Universal Lesion Detection (ULD) in computed tomography (CT) images [26, 27, 25, 32, 18, 17, 22, 7], which aims to localize different types of lesions instead of identifying lesion types [8, 10, 21, 23, 1, 16, 15, 11, 20, 31, 6, 12]
, plays an essential role in computer-aided diagnosis (CAD) systems. Recently, deep learning-based detection approaches achieve excellent results for ULD using possible bounding boxes (BBoxs) (or anchors) as proposals. However, empirical evidence shows that using anchor-based proposals leads to severe data imbalance (e.g., class and spatial imbalance) , which leads to a high false-positive (FP) rate in ULD. Therefore, there is an urgent need to reduce the FP proposals and improve the lesion detection performance.
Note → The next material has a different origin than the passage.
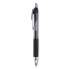 uni-ball Signo 207 Gel Pen, Retractable, Medium 0.7 mm, Blue Ink, Smoke/Black/Blue Barrel, Dozen (33951)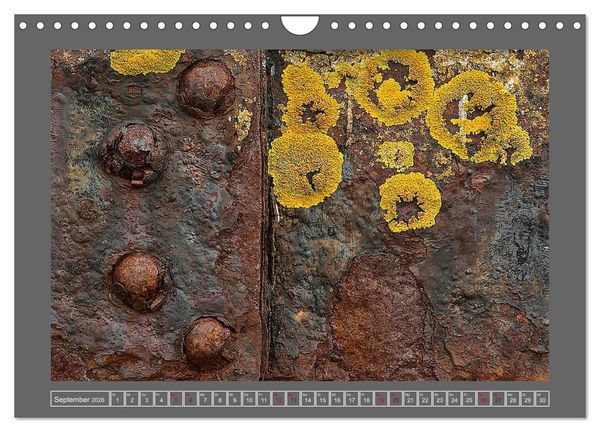 Produktbild: Rost - &Auml;sthetik der Verg&auml;nglichkeit (Wandkalender 2026 DIN A4 quer), CALVENDO Monatskalender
Most existing ULD methods are mainly inspired by the successful deep models in object detection from natural images. Tang et al.  constructed a pseudo mask for each lesion region as the extra supervision information to adapt a Mask-RCNN  for ULD. Yan et al.  proposed a 3D Context Enhanced (3DCE) R-CNN model based on the model 
pre-trained from ImageNet for 3D context modeling. Li et al. proposed the so-called MVP-Net, which is a multi-view feature pyramid network (FPN)  with position-aware attention to incorporate multi-view information for ULD. Han et al.  leveraged cascaded multi-task learning to jointly optimize object detection and representation learning.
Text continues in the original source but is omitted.